Singapore joins digital banking race with five licenses up for grabs

The five licenses are split into two full digital and three wholesale.

The Monetary Authority of Singapore (MAS) will be issuing up to five new digital banking licenses as part of the latest effort to liberalise the banking industry that has been long dominated by the Big Three.

The five new digital bank licenses will comprise up to two digital full bank licenses and up to three digital wholesale bank licenses, designed to serve SMEs and other non-retail segments.

Also read: Will virtual banks threaten Singapore's big three?

The licenses will be up for grabs to any digital bank that local incumbents may establish but also extends to non-bank players. Applications are open to companies headquartered in Singapore and controlled by Singaporeans although foreign companies are eligible to apply but must first form a joint venture with a local company. On the other hand, applications for wholesale bank licenses are open to all companies.

“The new digital bank licences mark the next chapter in Singapore’s banking liberalisation journey," Tharman Shanmugaratnam, Senior Minister and Chairman of MAS, said in a statement. "We must allow for greater competition and spur greater innovation in finance – competition between new and traditional business models, new players and incumbents, and different ways of using technology to serve business and individual customers better."

Also read: Is branch banking still relevant as lenders migrate their services online?

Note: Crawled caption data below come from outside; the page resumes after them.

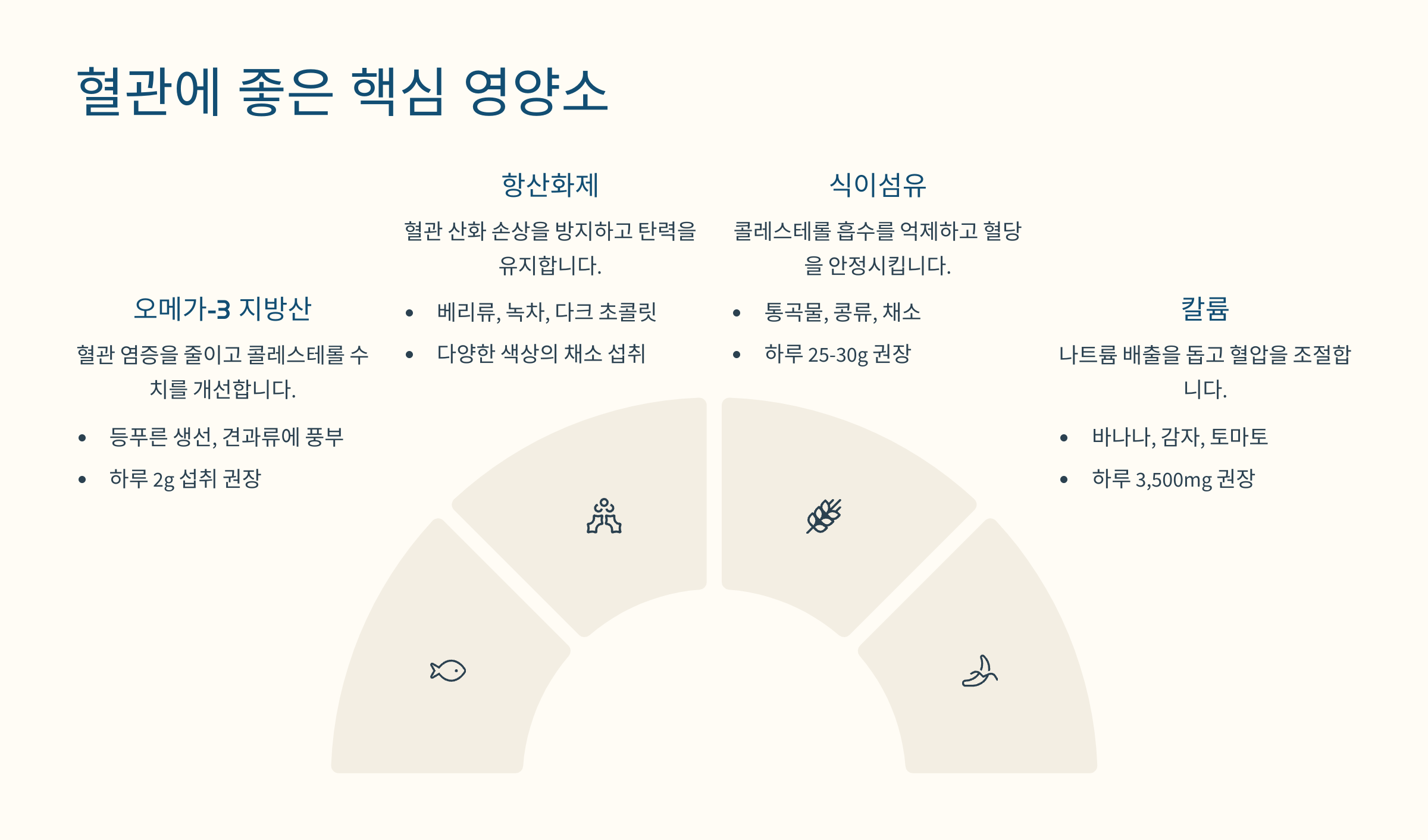 🫒 혈관에 좋은 핵심 영양소
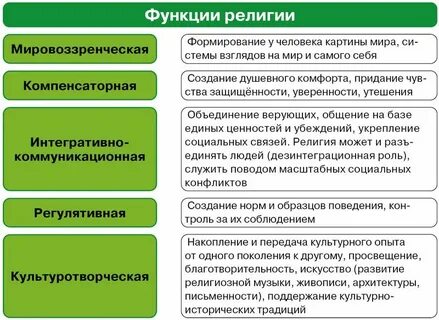 Функции религии примеры из жизни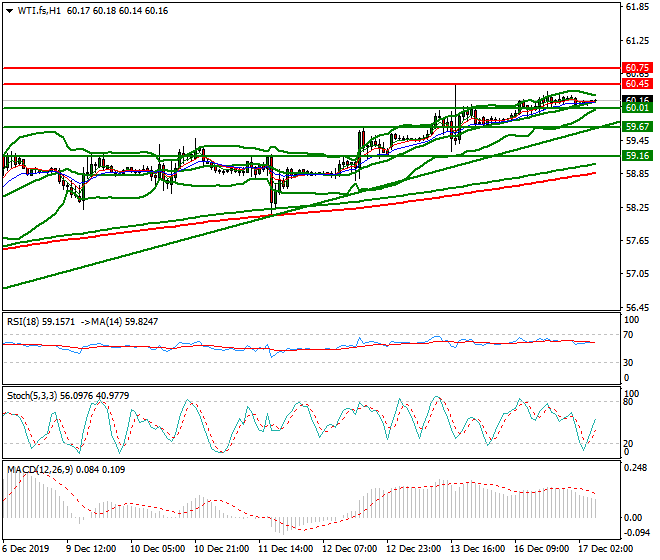 WTI Crude Oil Intra-day Analysis 17 Dec 2019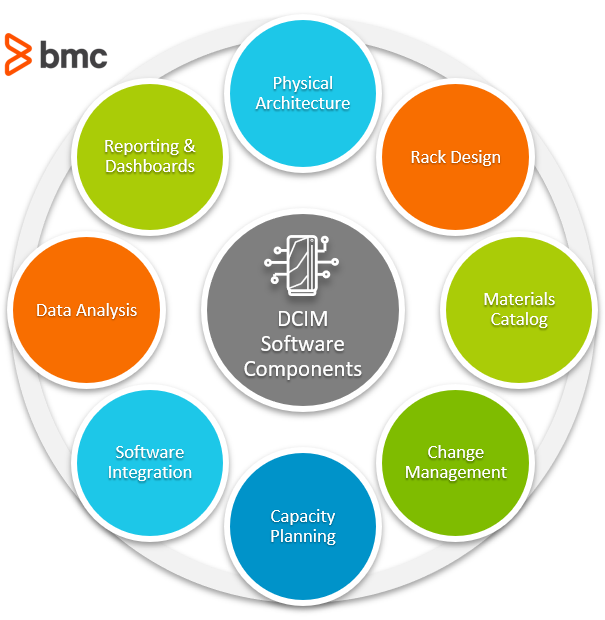 DCIM-Softwarekomponenten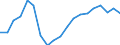 Income and living conditions indicator: At risk of poverty rate (cut-off point: 60% of median equivalised income after social transfers) / Tenure status: Total / Sex: Total / Age class: 60 years or over / Unit of measure: Percentage / Geopolitical entity (reporting): Latvia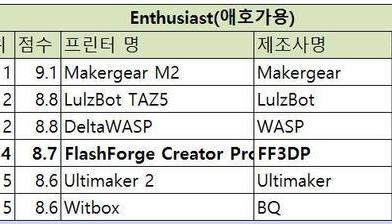 [해외 3D프린터 시리즈 5탄][Flashforge의 Creator Pro-Enthusiast(애호가용)]3dhubs.com의 2016년 3D프린터 가이드 중심으로 작성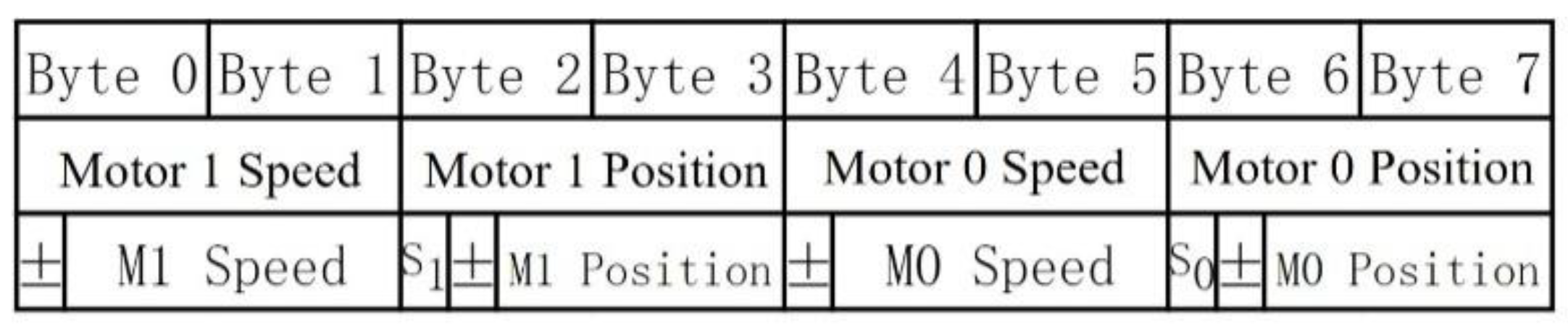 Electronics 12 01774 g012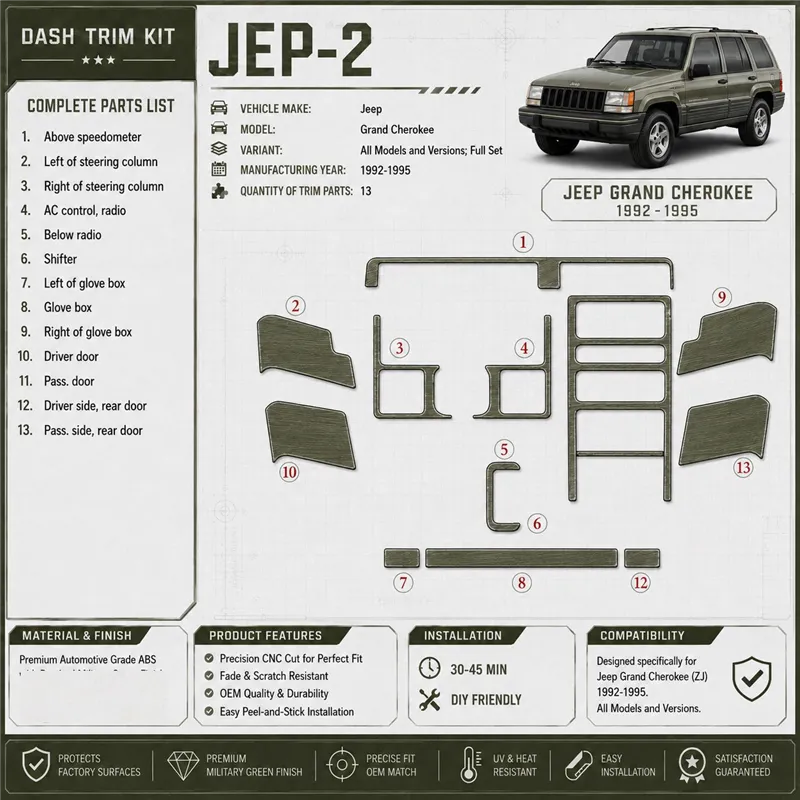 Jeep Grand Cherokee 1992-1995 set completo kit rivestimento cruscotto e interni 3D 13 pezzi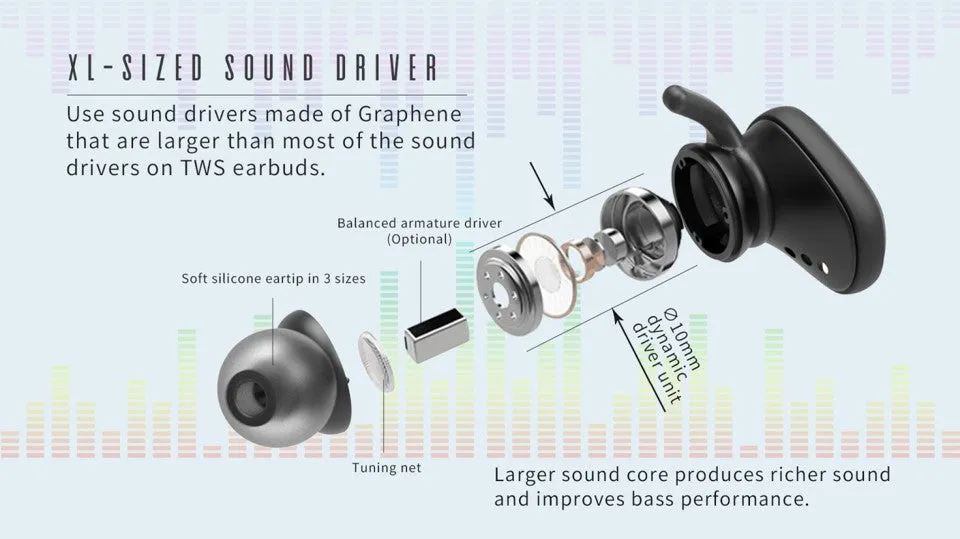 Lexuma XBud2 Mini True Wireless In-Ear Stereo Bluetooth 5.0 Sports Earbuds [With Charging Case]
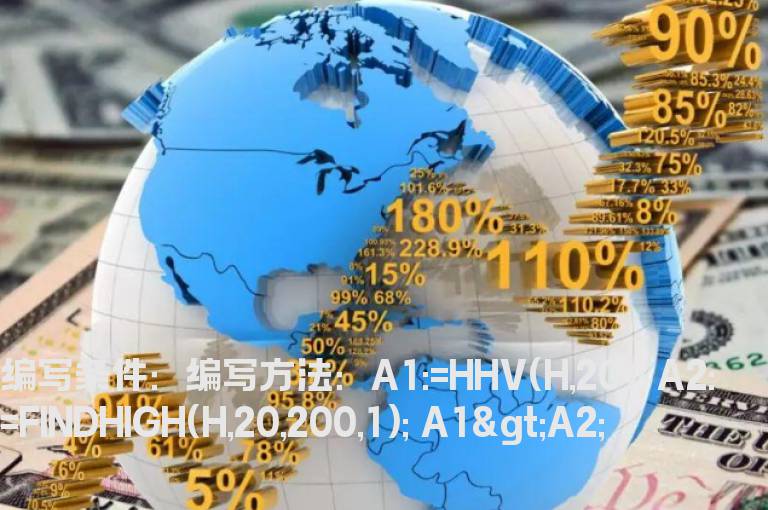 突破选股指标
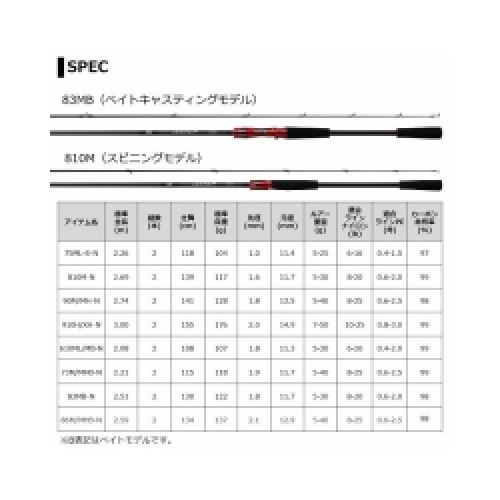 Daiwa 21  HRF AIR 610ML/MB・N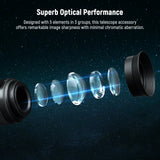 NEEWER LS-T22 Zoom Telescope Eyepiece, view 5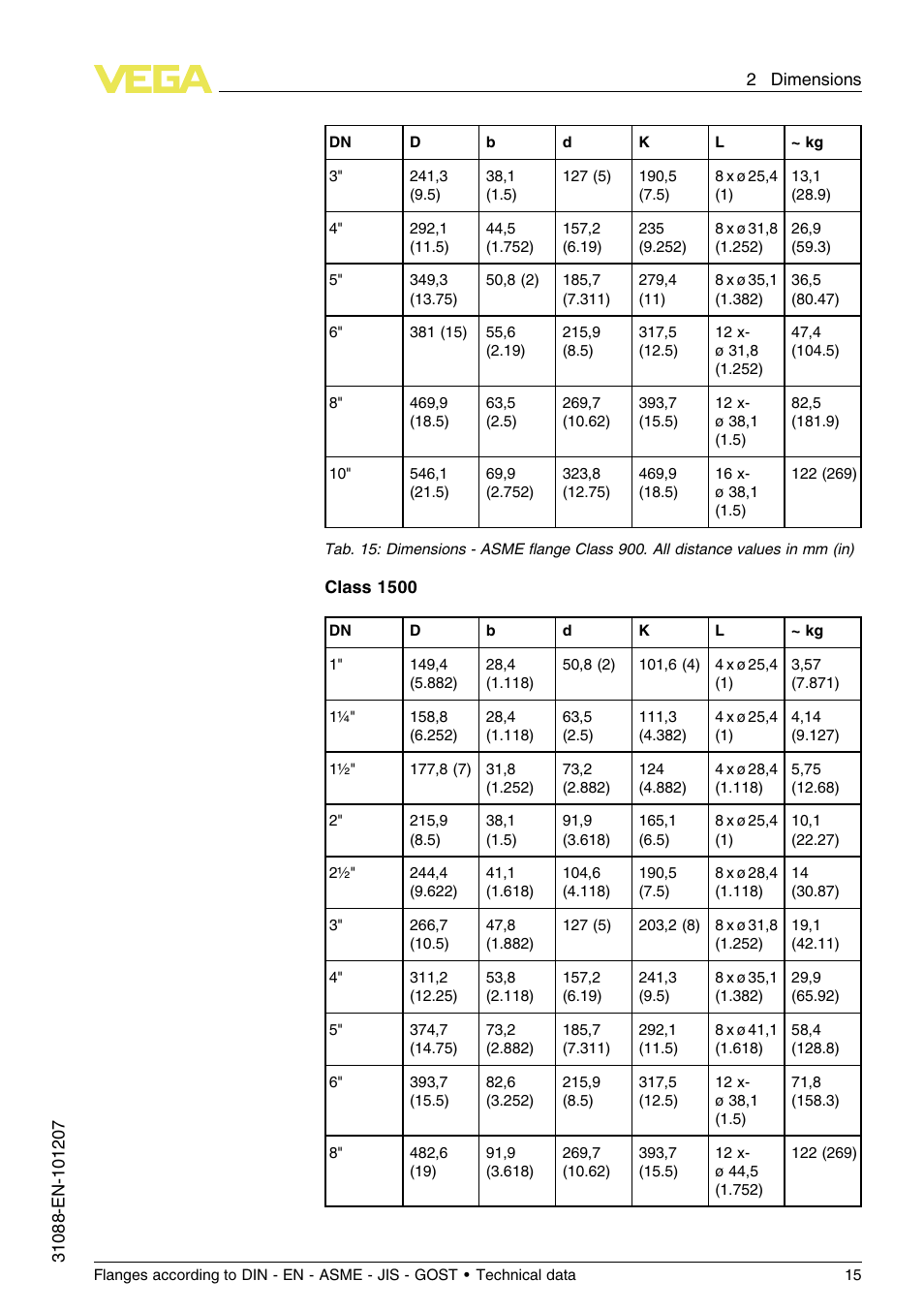 VEGA Flanges according to DIN - EN - ASME - JIS - GOST User Manual | Page 15 / 28
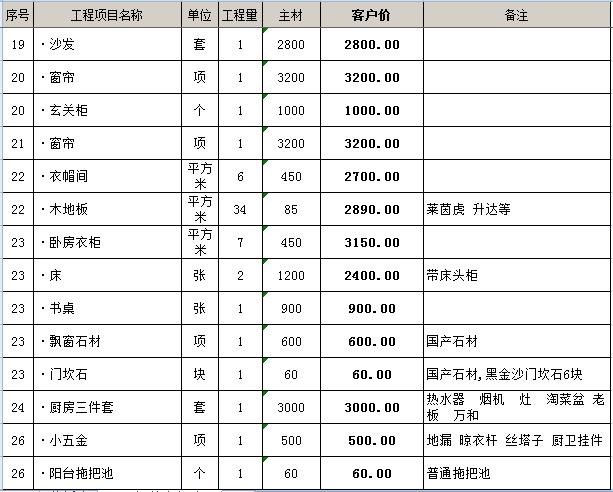 40平米装修 40平米小户型装修_70小户型装修预算表_70平米小户型装修效果图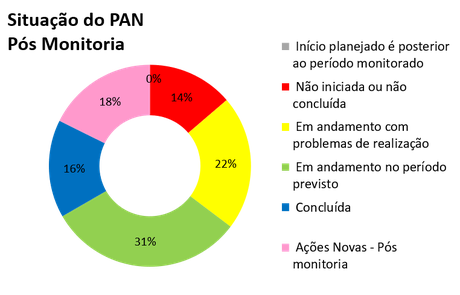 2023-pan-herpetofauna-do-sul-painel-3.png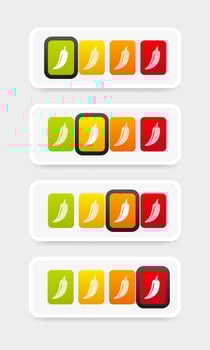 Hot pepper strength scale indicator with mild, medium, hot and hell positions. Chilli level. Vector illustration.
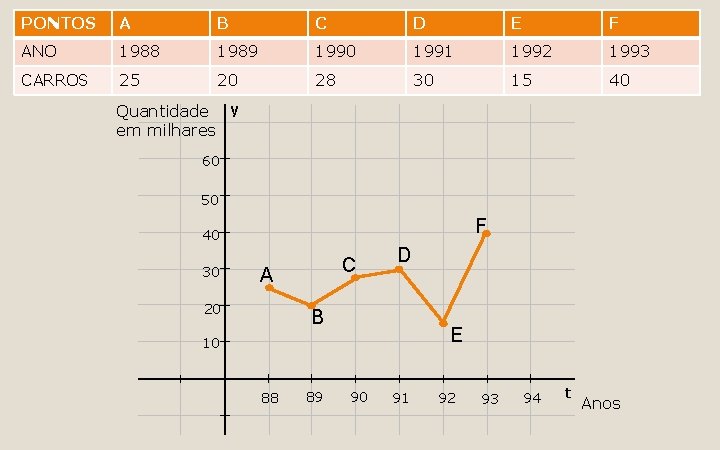 PONTOS A B C D E F ANO 1988 1989 1990 1991 1992 1993 PONTOS A B C D E F ANO 1988 1989 1990 1991 1992 1993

As part of an effort to minimise risk to depositors, digital banks are also subject to an initial deposit cap of $50m, an individual depositor cap of $75,000, and generally be allowed to accept deposits from only a small group of depositors such as business partners, staff, related parties and selected customers. Grab is reportedly exploring the possibility of entering the digital-banking space, posing a direct threat to entrenched market players.

Despite stiffer competition, UOB has expressed openness to the development. "At UOB, we welcome the diversity that the new players may bring with bank licenses to be granted," Wee Ee Cheong, deputy chairman and CEO at UOB, said in a statement. In a Bloomberg interview, DBS CEO Piyush Gupta downplayed the impact of new competitors to the entrenched players which have long upgraded their digital capabilities.

Hong Kong earlier issued virtual bank licenses to eight firms, including entities backed by Tencent, Alibaba, Xiaomi and PingAn.

MAS expects to invite applications in August 2019.